Dataset entries:
================

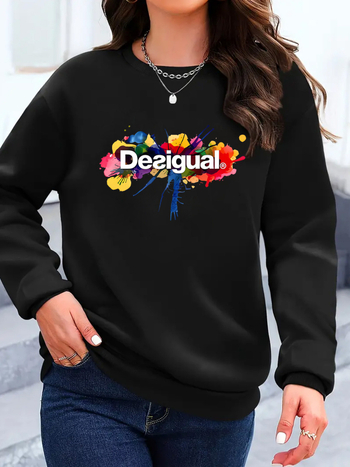 Sieviešu džemperis ar garām piedurknēm, apdruka, pulovera stils, apaļš kakls, vidēja garuma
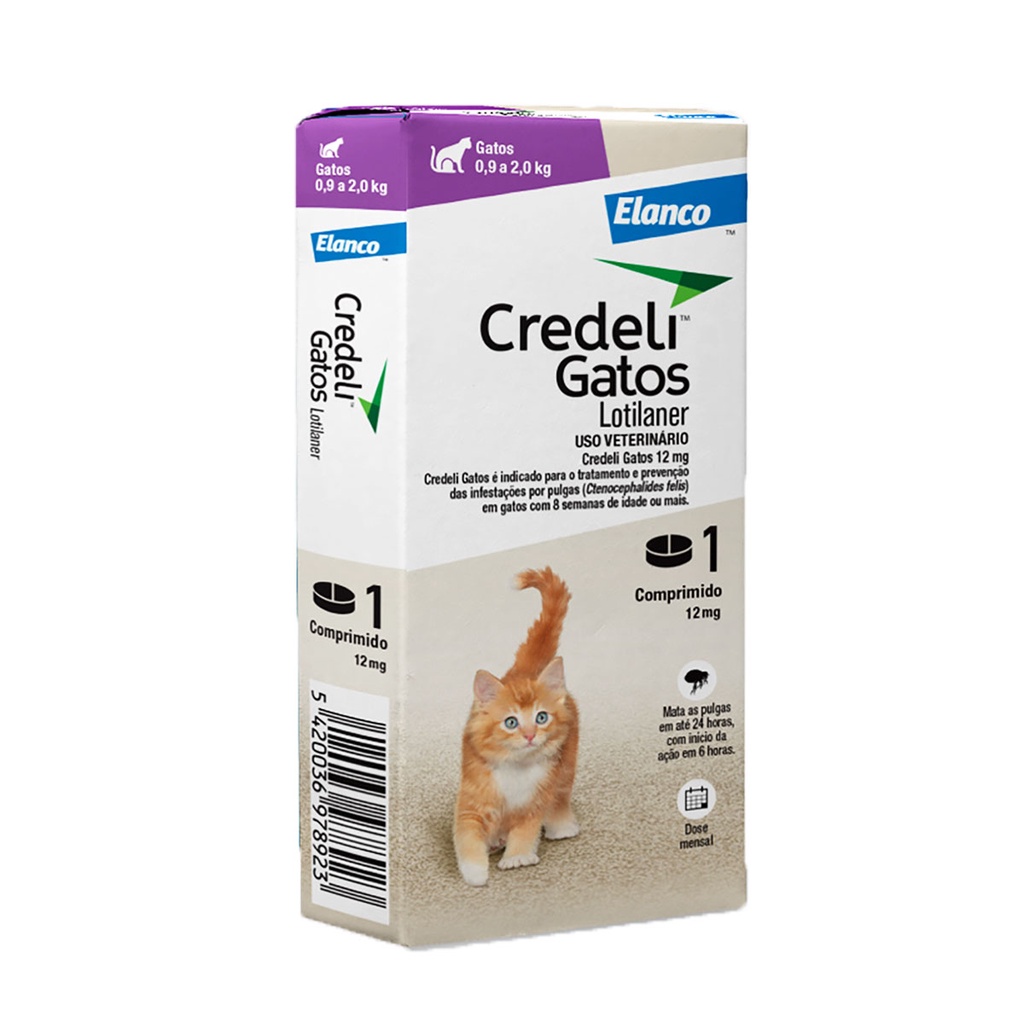 Credeli Antipulgas e Carrapatos para Gatos 12mg Elanco 1 Comprimido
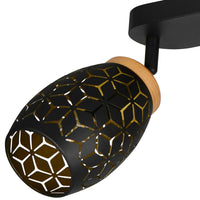 LÚZETE - SPOT 4 LUCI DA SOFFITTO METALLO NERO E14 BIRKITA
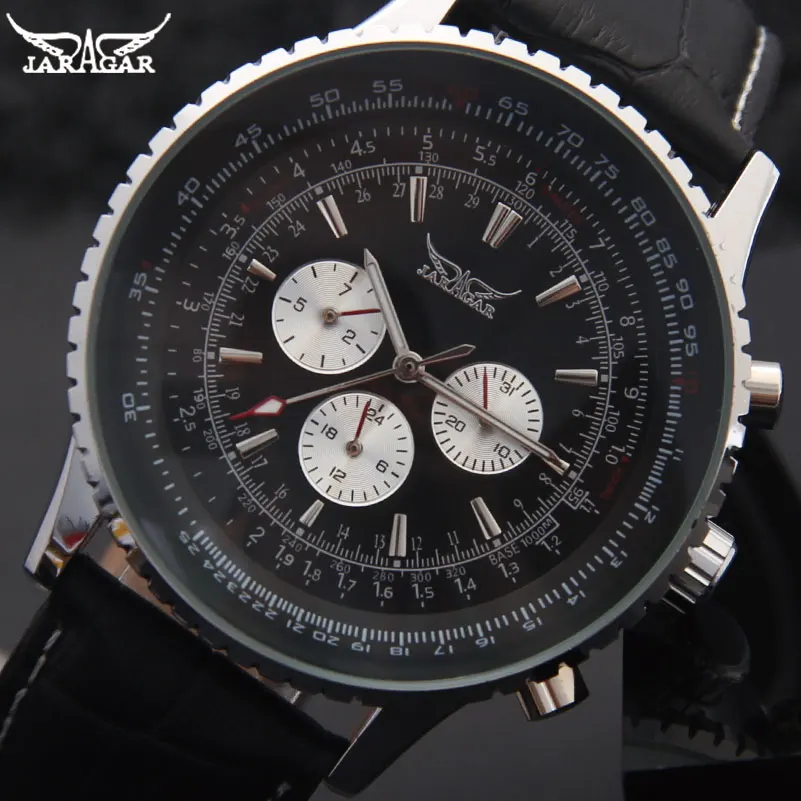 JARAGAR2023 Luxury Mechanical Watches Men Classic Automatic 6 Pin Calendar Big Dial Strap Wristwatch montre homme relojes suizos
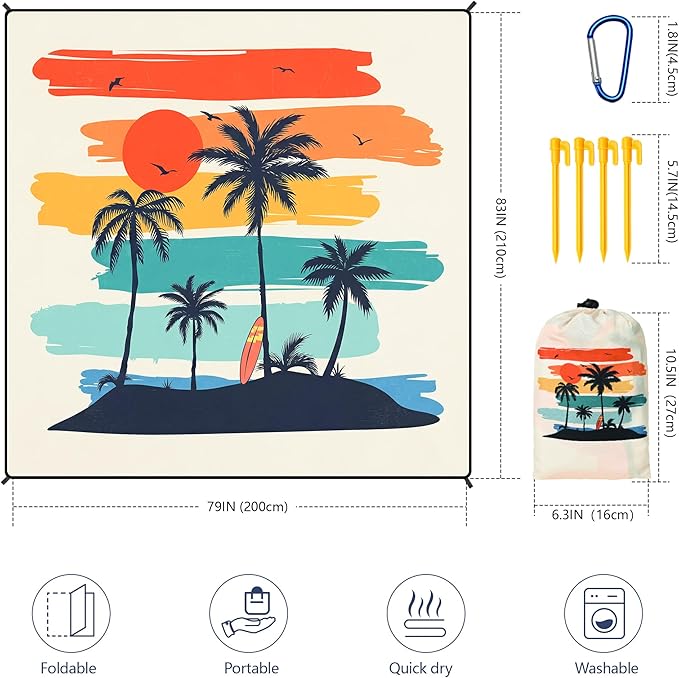 WIWIGO Beach Blanket Waterproof Sandproof Beach Mat 79" X 83"/10'x9'for 2-8 Adults Quick Drying Outdoor Picnic Mat Beach Accessories for Travel, Camping, Hiking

================

What you are asked to do:
Only the lines from the one containing "LÚZETE - SPOT" through the end of the listing above should be reproduced, exactly as they stand. Leave the pictures out.

Solution to the problem:
 LÚZETE - SPOT 4 LUCI DA SOFFITTO METALLO NERO E14 BIRKITA
 JARAGAR2023 Luxury Mechanical Watches Men Classic Automatic 6 Pin Calendar Big Dial Strap Wristwatch montre homme relojes suizos
 WIWIGO Beach Blanket Waterproof Sandproof Beach Mat 79" X 83"/10'x9'for 2-8 Adults Quick Drying Outdoor Picnic Mat Beach Accessories for Travel, Camping, Hiking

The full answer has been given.